The gap between the anchor plate and the housing flange is the travel range of the sensor as it is actuated. This design solves several problems.

1) Maintaining sensitivity at low loads without damage at higher loads.

When the gap between the edge and the flange is closed the load applied to the strain sensor elements reaches its limit. After this, the load is transferred to the fastener. Limiting the maximum load applied to the strain sensor is necessary since the working range of the sensor is generally below 100-lbs. but the sensor must withstand large (often greater than 1000-lb.) loads without damage and must not compromise the integrity of the passenger restraint system.

2) Maintaining restraint system integrity.

The present design allows the use of the same or very similar mounting bolts and anchors and mounting technique as do current seatbelt attachment methods.

Thus, safety engineers are very familiar with the requirements of the attachment method and installation procedures are changed as little as possible.

3) Integration into multiple restraint systems.

This present invention allows the sensor to be attached at the most common point of a wide variety of belt systems. It is useable even with very short bolt to seat belt buckle distances.

Variations The sensor shown had several strain gage resistors, one skilled in the art will realize that the preferred embodiment would work with other types of sensors. For example, discrete chip resistors could be attached or foil type strain gages could be used.

Another variation of the seat belt tension sensor would be to utilize other electrical connections other than a wire harness. For example, a integral connector or terminals could be added.

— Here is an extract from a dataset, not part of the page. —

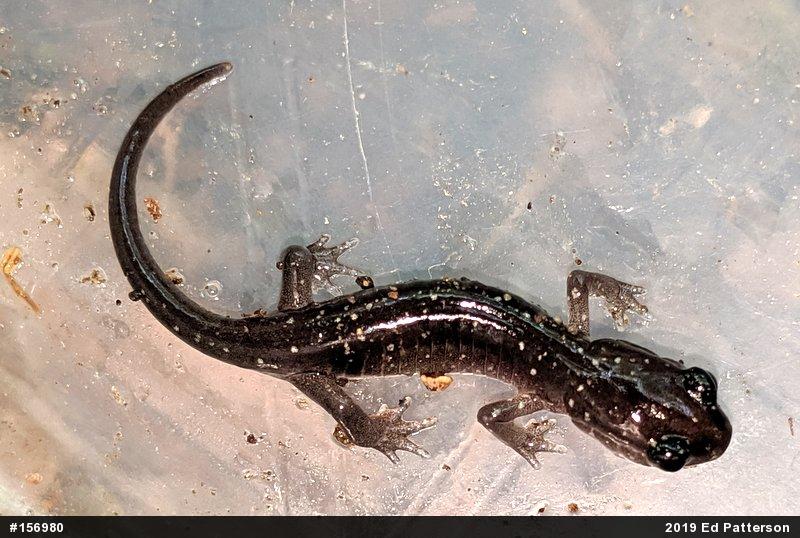 Wehrle's Salamander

The seat belt tension sensor shown was mounted between a seat belt and a vehicle structure. One skilled in the art will realize that the preferred embodiment could be mounted to various locations on the seat or vehicle interior. For example, the seat belt tension sensor could be attached to the upper or lower B pillar or at the seat frame.

The illustrated embodiment showed the use of the seat belt tension sensor in an automobile seat. It is contemplated to utilize the seat belt tension sensor in other occupant sensing applications such as chairs, sofas, scales, beds and mattresses, hospital equipment, cribs, airplane seats, train seats, boat seats, amusement rides, and theater seats.

While the invention has been taught with specific reference to these embodiments, someone skilled in the art will recognize that changes can be made in form and detail without departing from the spirit and the scope of the invention. The described embodiments are to be considered in all respects only as illustrative and not restrictive. The scope of the invention is, therefore, indicated by the appended claims rather than by the foregoing description. All changes which come within the meaning and range of equivalency of the claims are to be embraced within their scope.